INTRODUCTION
Below is an overview of database backups. OS or user workstation file backups are not considered. The below information may be useful for non-database backups, but databases (which are data focused), are a special case of backups. This blog is meant to assist in creating a process. Don’t expect a suggestion of exactly how to implement your specific database backup process.
WHY BACKUP
I’ve heard Enterprise IT people that should know better say that database backups are not important because we have a cluster with the primary database in one data center, and a hot standby in another data center. Without backups, there would be no recovery if a disaster took out booth data centers, no recovery if a release to production failed and lost data, no recovery if a malicious hacker wiped the data, no recovery if a bug happened to delete the wrong data… That run-on sentence could run-on for as far as the imagination can see.
My latest catch phrases regarding database backups are “HA is not a backup”… “DR is not a backup”… “Remember ransomware (which just happens to be recently making the national news. Insert any malware, the paradigm still works)”.
With all my 35+ years of IT experience, I will tell you that if it’s a computer, and your data is important to you, you need to manage a backup process that involves multiple backups and off-site copies of that backup, regardless of HA (High Availability), DR (Disaster Recovery), period.
ENGINE VERSIONS REFERENCED
Database engine versions referenced below are versions published by the vendor within the last 10 years or so (ie, explicitly excluding Microsoft Server 2000 and prior, excluding MySQL 4x and prior, excluding Oracle 9x and prior, excluding Informix 7x and prior, excluding DB2 8x and prior). Amazon RDS (MySQL clone via SaaS (Software as a Service)) automated backups and DB Snapshots are also excluded from the discussion below as this style of backup is very rigid.
DATABASE BACKUP STRATEGY
Please note, I’m not all-knowing. I’ll not be able to design a backup system that will meet your needs. There will be some remaining questions that only someone that is working day-to-day with your business can answer. Things like, “how long do we need to keep this data”, or “how many minutes of data loss are we willing to risk given the effort involved in backing up”. I do provide some examples that have worked for me. See below.
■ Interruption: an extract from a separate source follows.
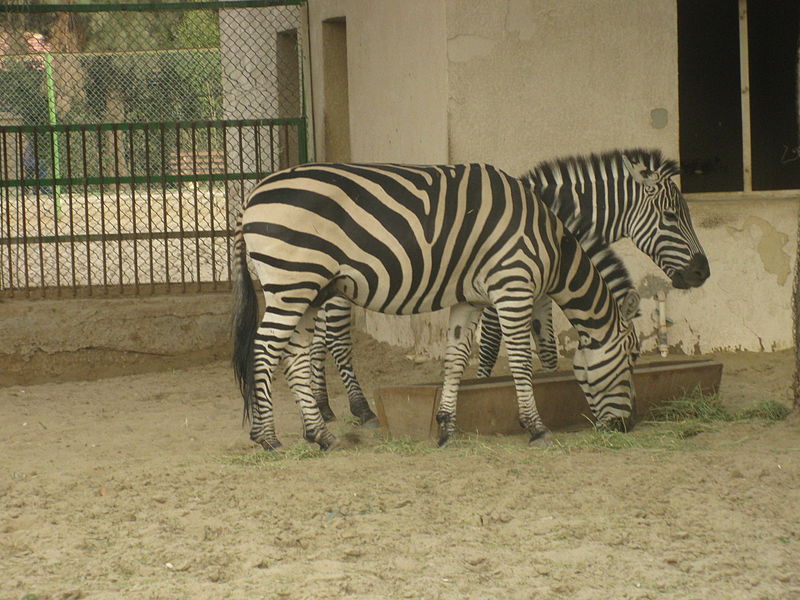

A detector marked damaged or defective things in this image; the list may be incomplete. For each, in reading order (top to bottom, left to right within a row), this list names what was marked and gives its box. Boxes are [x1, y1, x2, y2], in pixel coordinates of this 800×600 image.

GENERAL BACKUP INFORMATION
There is much ambiguity in the IT industry regarding the definition of ‘Incremental’ & ‘Differential’ backups. The below seems to be the most common definition, and the one I use below. Backup Types…
- FULL Backup is a backup of all information (data, stored procedures, objects in general) in the database
- DIFFERENTIAL backup is a backup of the information that has changed since the last Full backup
- INCREMENTAL backup is a backup of the data that has changed since the last Full, Differential, or Incremental backup
- TRANSACTION LOG (TLOG) backup is a backup of the transactions in the transaction log since the last Transaction Log backup, Incremental, Differential, or Full backup.
- Informix refers to a FULL backup as a level 0 backup, DIFFERENTIAL as level 1 backups, etc.
Backup types…
- Logical – records SQL & DDL, and the order that the SQL is to be applied
- Physical – records database blocks
BACKUP INFORMATION SPECIFIC TO ENGINE
SQL Server is somewhat unique with these items…
- All backups in SQL Server are Physical and “On-line” (the database can be used while users are active).
- To back up Agent jobs and similar server (vs database) objects, backup the ‘msdb’ database
- To back up users, backup the ‘master’ database. (note, restoring ‘master’ must be done from single user mode)
- The Recovery Model is an option for each database. It indicates how the database handles transaction logs. The default for a new database is the value from the ‘model’ database. Recovery Models…
- SIMPLE Recovery Model indicates that Point In Time restores cannot be accomplished.
- FULL Recovery Model enables the Point In Time recovery.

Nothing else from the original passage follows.